• Action item:
Return an exact copy of the lines from the one holding "猫粮怎么泡软加益生菌吃(如何给猫粮加益生菌？教你正确泡软！)" to the end of the data, including both the starting and final lines. Leave the pictures out.

• Short web captions:

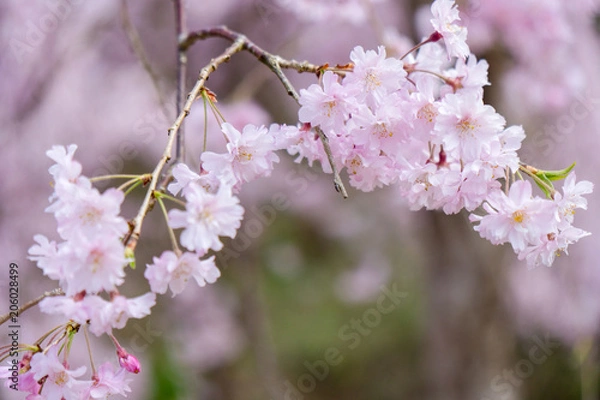 Fototapeta 奈良の春の風景　満開の桜　吉野　奈良　日本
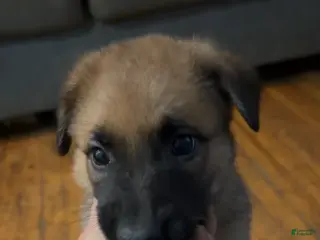 Mixed Breed dogs Mixed Breed Puppy 2 - Ad 28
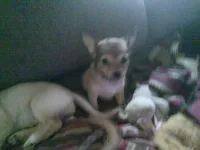 chi female #3, a female Chihuahua for sale in Quaker City, OH – 2 of 7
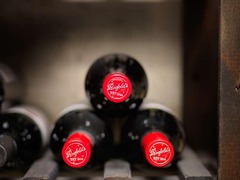 Walk-in wine cellar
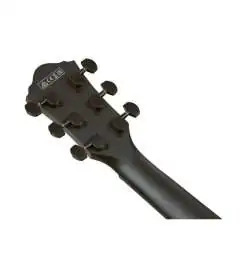 Ibanez AEG621-BOT Black Out
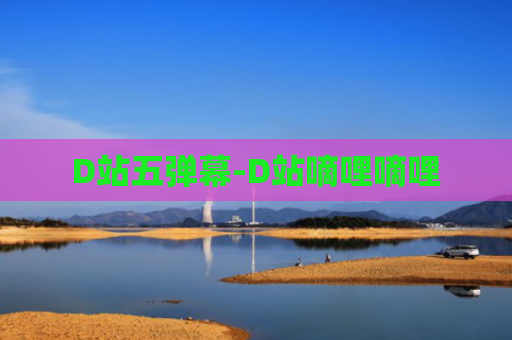 D站五弹幕-D站嘀哩嘀哩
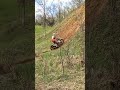 Amateur Enduro | Dirtbike hills climbing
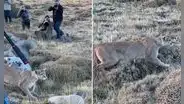Puma asombra a fotógrafos al caminar entre ellos para cazar un guanaco: “Por favor, silencio estoy trabajando”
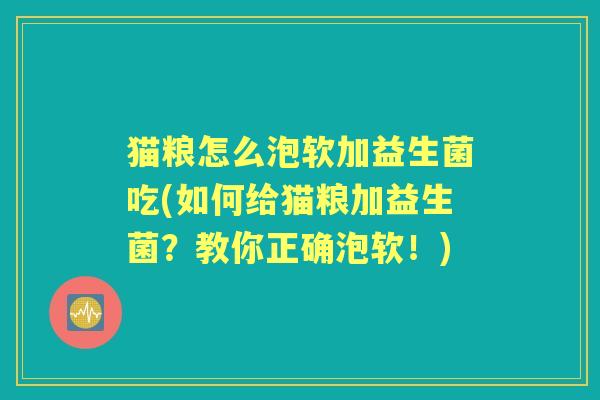 猫粮怎么泡软加益生菌吃(如何给猫粮加益生菌？教你正确泡软！)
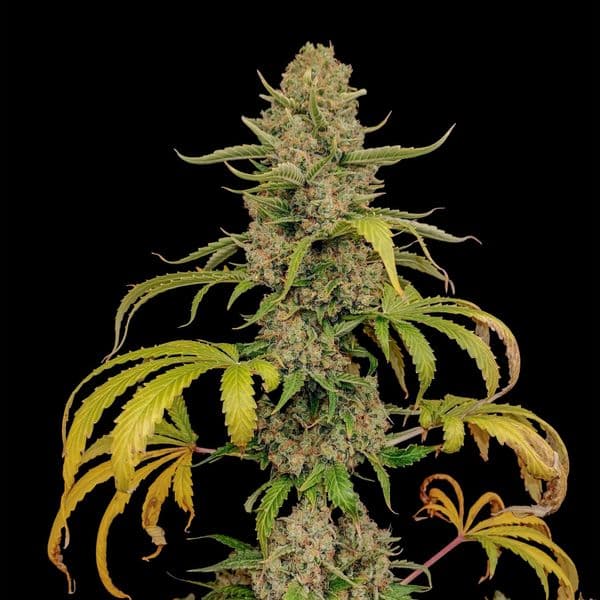 Cannabis der Sorte White Afghan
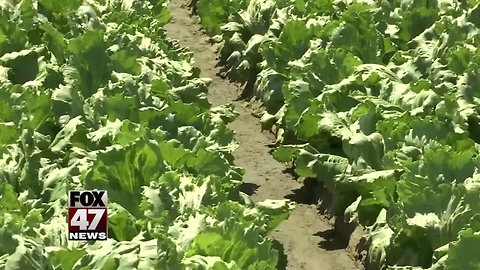 Romaine lettuce warning: CDC urges people not to buy or eat it due to E. coli risk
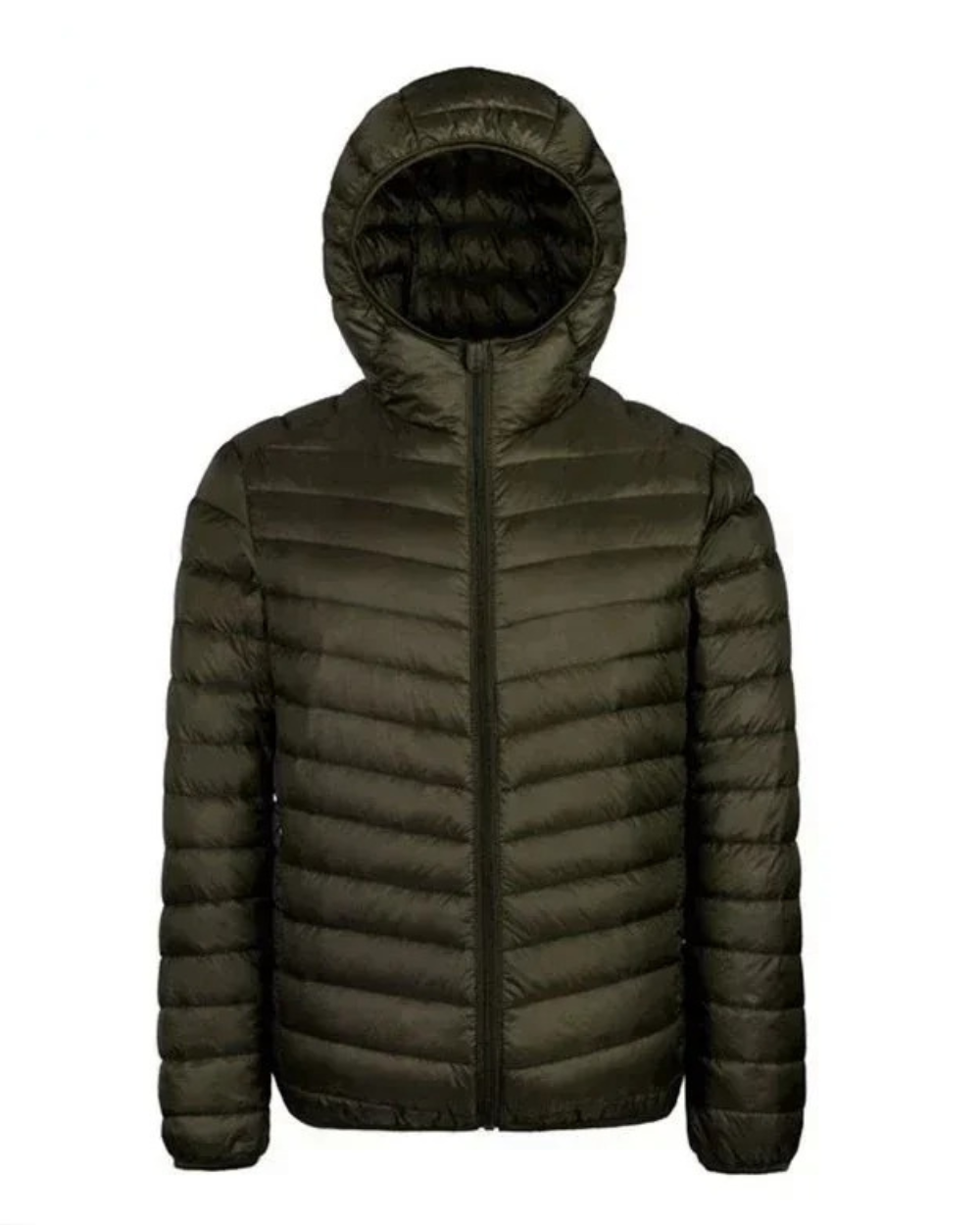FEDERICO™ | Giacca piumino uomo in piumino d'anatra – taglio affusolato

• Response to this task:
 猫粮怎么泡软加益生菌吃(如何给猫粮加益生菌？教你正确泡软！)
 Cannabis der Sorte White Afghan
 Romaine lettuce warning: CDC urges people not to buy or eat it due to E. coli risk
FEDERICO™ | Giacca piumino uomo in piumino d'anatra – taglio affusolato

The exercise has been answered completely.